Blood wrote:
I tried go but the lack of parenthesis put me off the syntax.
You can add parenthesis in IFs and FORs if you want to.
(if this is what you are talking about...)
Actually you can add them every where you want...
Blood wrote:
I prefer the D language instead.
I just went the other way around.
Started looking into D years back and wrote ~50K of useful code and now I get somewhat annoyed:
After all these years:
GDC is unusable on Windows - DMD compiles my program just fine but GDC does not (newest version)
There will be no DMD for 64 bit Windows.
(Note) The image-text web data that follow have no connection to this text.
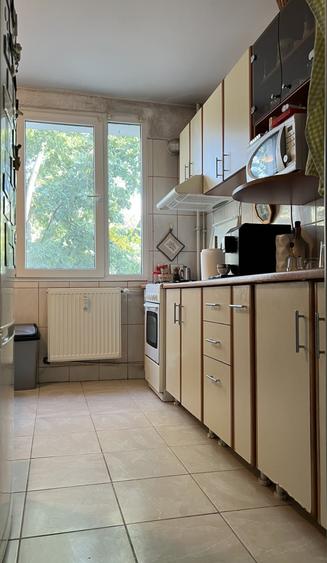 Apartament cu 3 camere decomandat în Drumul Taberei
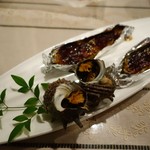 さらの木 - （2016/9月夕食）サザエの壺焼き、翡翠ナスの八丁味噌焼き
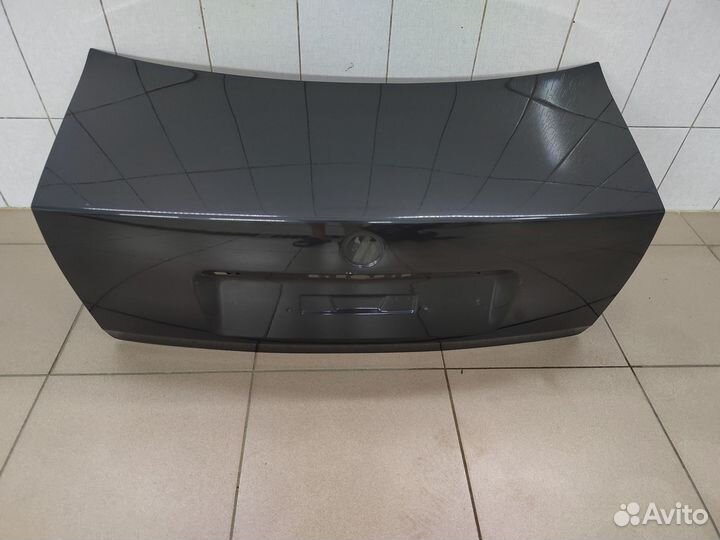 Крышка багажника VW Passat B5 Sedan 96-01 дорест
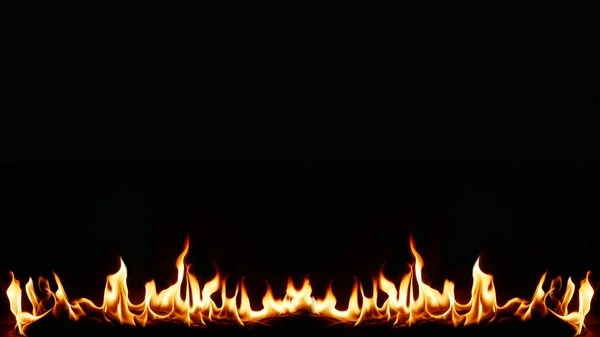 想像通りの美しい炎 危険で燃えるような風味と黒い背景を示す地獄からのように — ストック写真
So on 64 bit Windows GDC it is.
The language seems to shift and loose the easy syntax that D v1 had.
Sure they tried to fix things, but every time I look at some D v2 code it get's more complicated and weird.
(especially with complicated code, duh...)
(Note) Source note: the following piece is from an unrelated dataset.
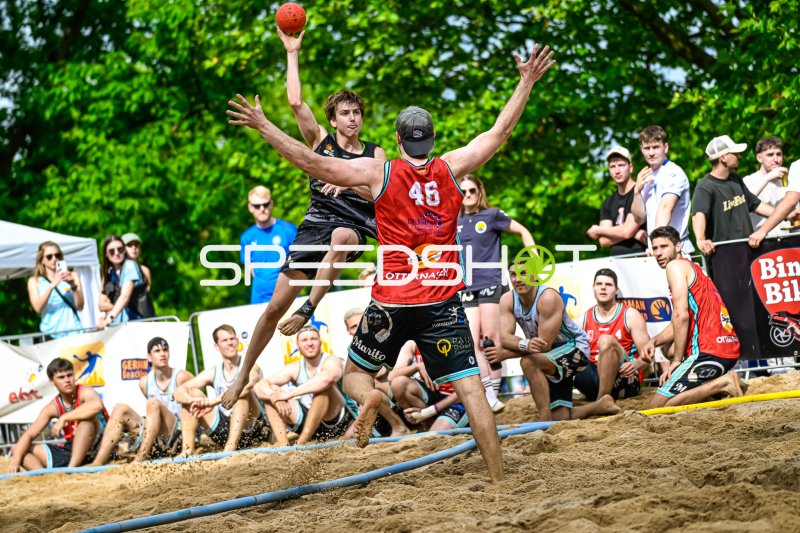 Spektakulärer Wurf beim German Beach Handball Turnier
Maybe the major problem of D is that it tries to be all things to all people - and with that it satisfies no one completely.
(except the people involved in the compiler/language)
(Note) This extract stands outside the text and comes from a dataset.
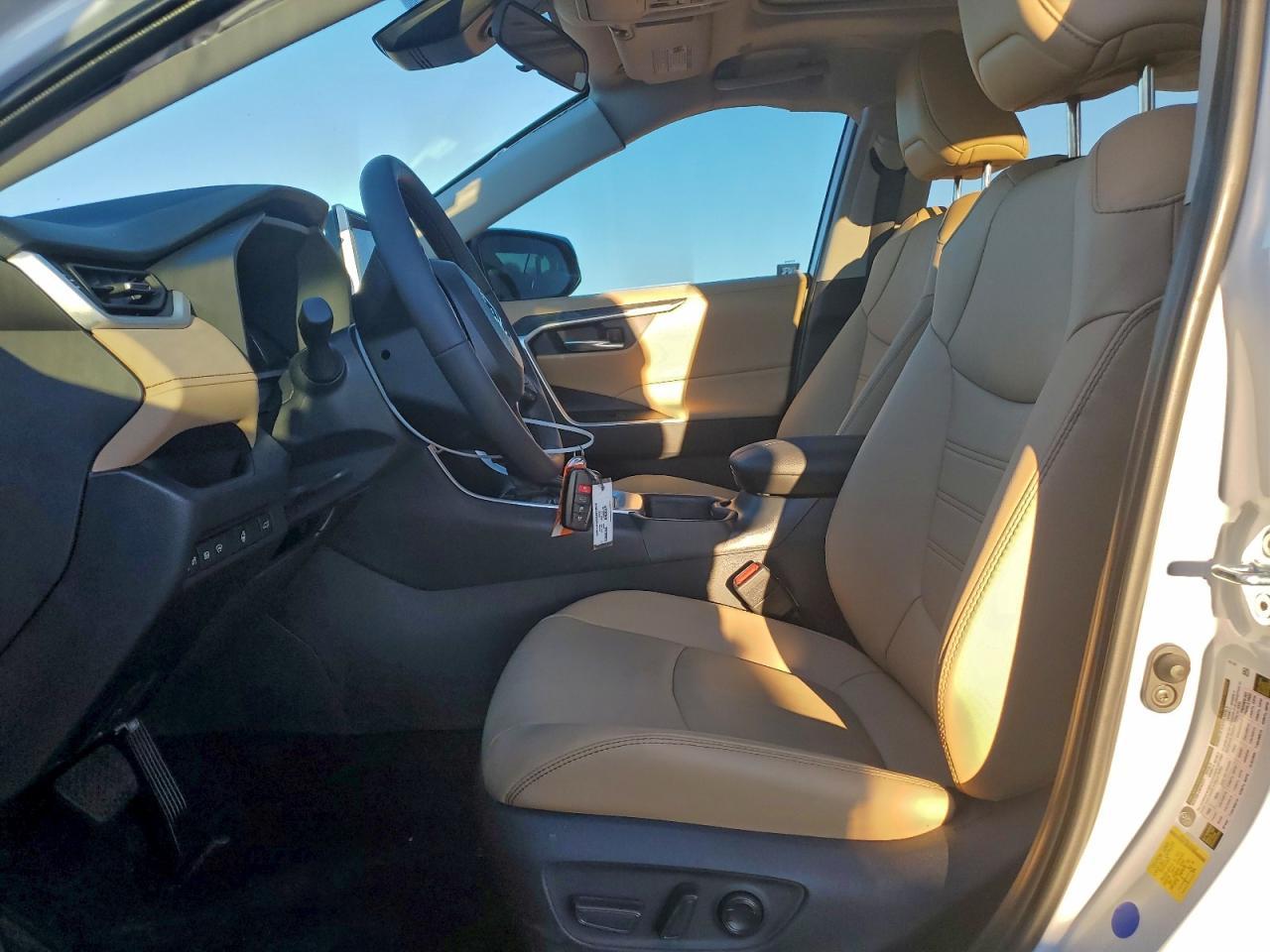 2025 Toyota Rav4 Xle - Фото 7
Go seems to go the other way and tries to simplify the needed syntax - especially for complicated code.
The compile time is very, very fast compared to C++ or GDC (DMD is acceptable but still way slower than Go) .
It is already used inside Google on different projects which tells you something about the state of the compiler.
Compiling is easy just do:
Code:
go build hello.go
And it creates a hello.exe
The smallest possible hello world program is ~200kb (64 bit) if the internal printf is used.
With fmt.Printf the size grows to ~1.2mb (64 bit) because of the runtime.
But even with D a program with ~50K of code compiles with DMD now to ~500kb (32 bit) and it used to be ~1mb a few versions back (depending on the library functions used)
Last weekend I bought a e-book as PDF (The Way To Go - 629 pages -$3.99) about Go and started reading it whenever I can.
BTW: Go is BSD licensed and the "Google" name is not in the code - they left it out.
Also (as with D) more and more people from the outside are involved in it.
Maybe when I'm done with the book I will find out that Go doesn't suit me, but for now I'm pleased.